Multi-stage selection for hybrid wheat breeding

Breeders are often concerned that intensive selection in early generations for traits with high heritability, such as disease resistances, might reduce largely the genetic variability for grain yield. This fear is even more pronounced in hybrid wheat breeding, where parental lines are intensively pre-selected for high per se performance showing only moderate correlations with the hybrid performance, e.g., r = 0.49 for grain yield. We investigated the potential elimination of high yielding hybrids through early stage selection using an index combining line per se performance of grain yield, plant height, heading time, and susceptibility to frost, lodging, leaf rust, yellow rust, powdery mildew and septoria tritici blotch with equal weights (Supplementary Figure S3, open circles). In contrast to our concerns, no correlation between the index values and GCA for grain yield was determined.

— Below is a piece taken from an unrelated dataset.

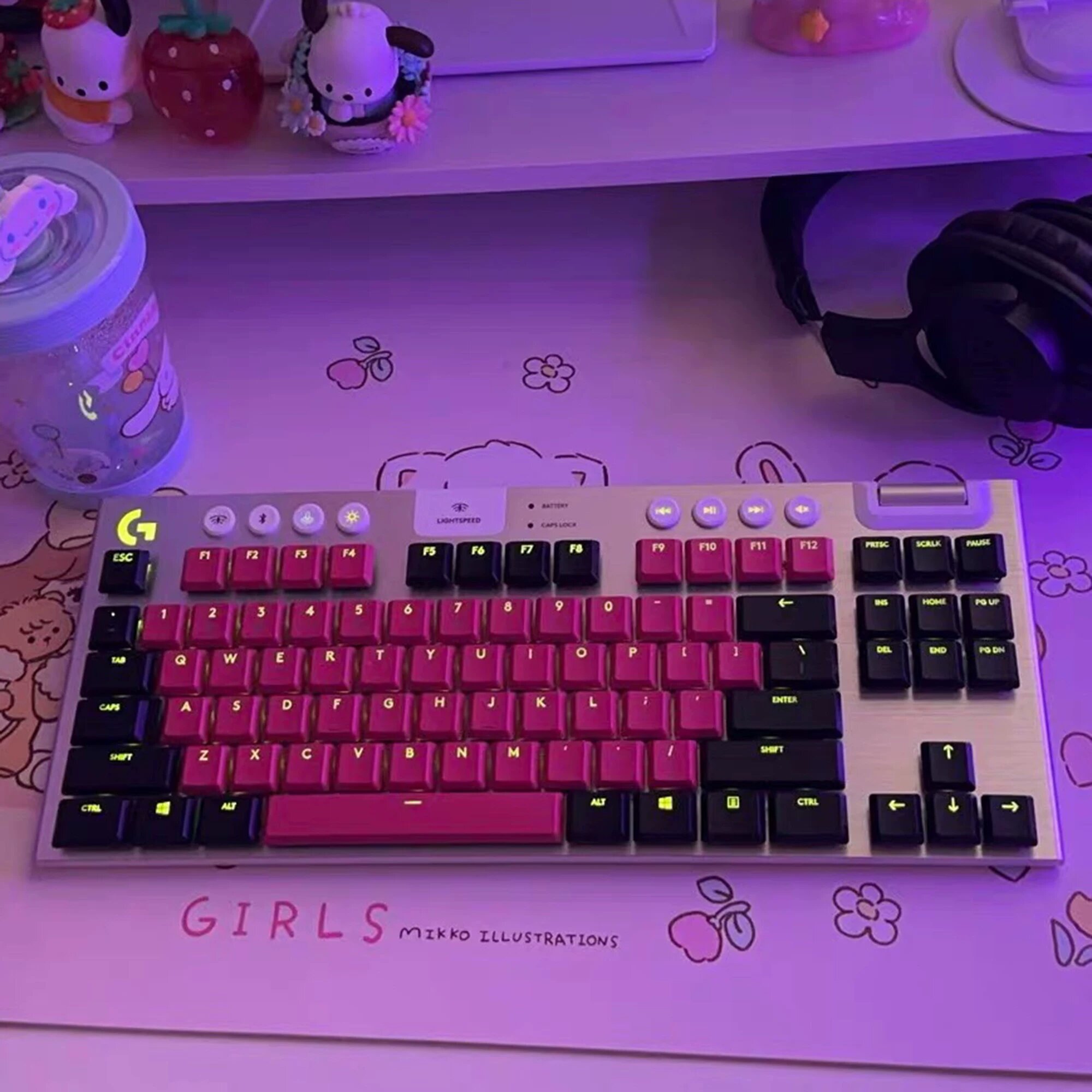Кастомные черно-розовые клавиши для механической клавиатуры Logitech G913/G813/G915 (розовая клавиша-пробел)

Instead of using an index of all traits, a line might be already eliminated in early generations if it does not surpass a given threshold in one trait regardless of its performance in the other traits, i.e., selection of independent culling levels (Baker 1986). Thus, we eliminated all lines with a frost susceptibility >6.5, disease susceptibility >5 and the 30 % poorest lines regarding grain yield per se performance (Supplementary Figure S3, filled circles). The resulting selected lines still cover the full range of GCA values for grain yield. Consequently, early selection of line per se performance does not result in a drastic reduction of \(\sigma_{\text{GCA}}^{2}\) for grain yield in later stages of selection.

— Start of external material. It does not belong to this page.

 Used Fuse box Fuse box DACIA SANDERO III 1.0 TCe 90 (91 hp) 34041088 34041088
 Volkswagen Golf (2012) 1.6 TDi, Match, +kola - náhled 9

Choice of parents in hybrid wheat breeding programs

Selection of parents for the next breeding cycle represents one of the most crucial steps for maximizing selection gain (Wegenast et al. 2008). One relevant criterion for parental selection is the breeding value of a genotype (Bernardo 2002). Breeding values depend on the allele frequencies of the population, the inbreeding coefficient, as well as on the additive and dominance effects (Falconer and Mackay 1996). According to a companion study, differences in allele frequencies were not pronounced between the 120 female and the 15 male parental lines (Zhao et al. 2013). However, the presence of dominance effects may cause substantial differences in breeding values warranting further research.

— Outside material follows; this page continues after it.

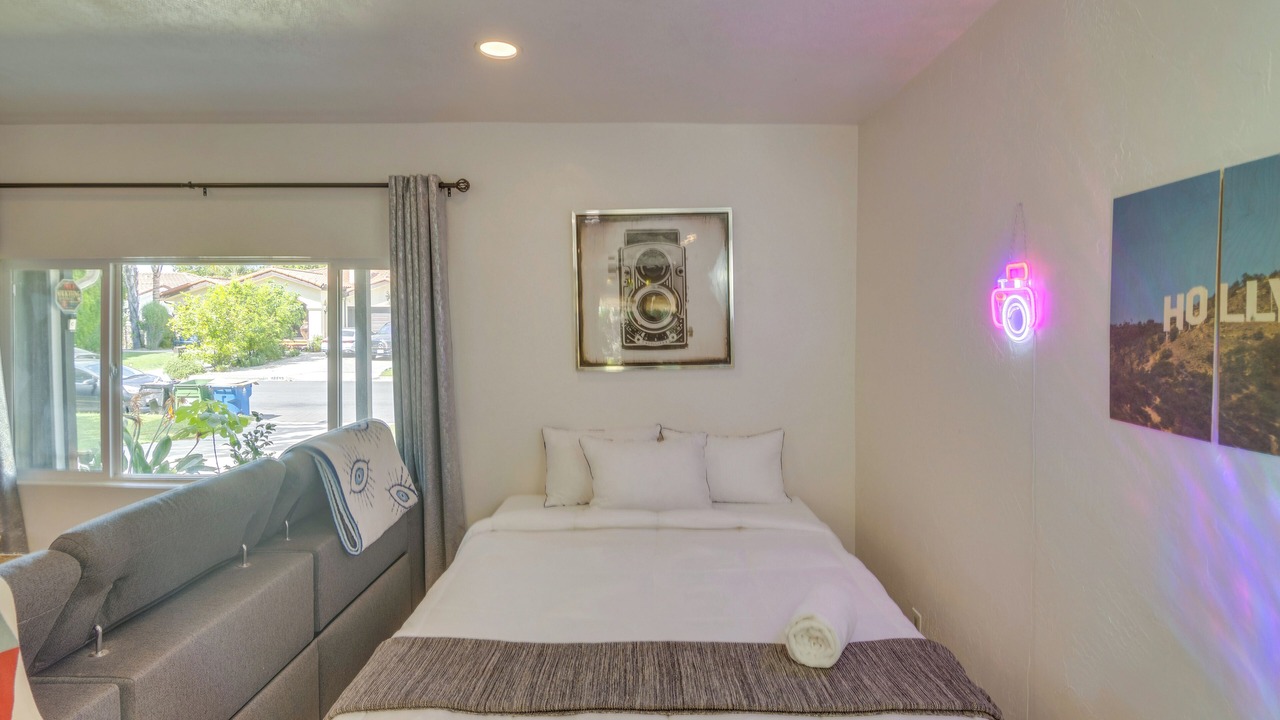 Photo of Bedroom in Valley Glen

Assuming absence of epistasis, either per se performance of a line or its GCA effect can be considered as an estimate of the breeding value. For grain yield, the correlation among GCA effects and line per se performance amounted to r = 0.72 (P < 0.01). This suggests that the decision for parental selection is similar for line and hybrid breeding when focusing exclusively on grain yield. Consequently, hybrid breeding can be conducted successfully as a spin-off from line breeding. Nevertheless, we speculate that with further development of heterotic groups, breeding values will diverge with ongoing reciprocal recurrent selection. In combination with the option to perform disease gene management in a synergistic manner between male and female parent pools, choice of parents will differ between line and hybrid breeding requiring a separate breeding program for hybrids.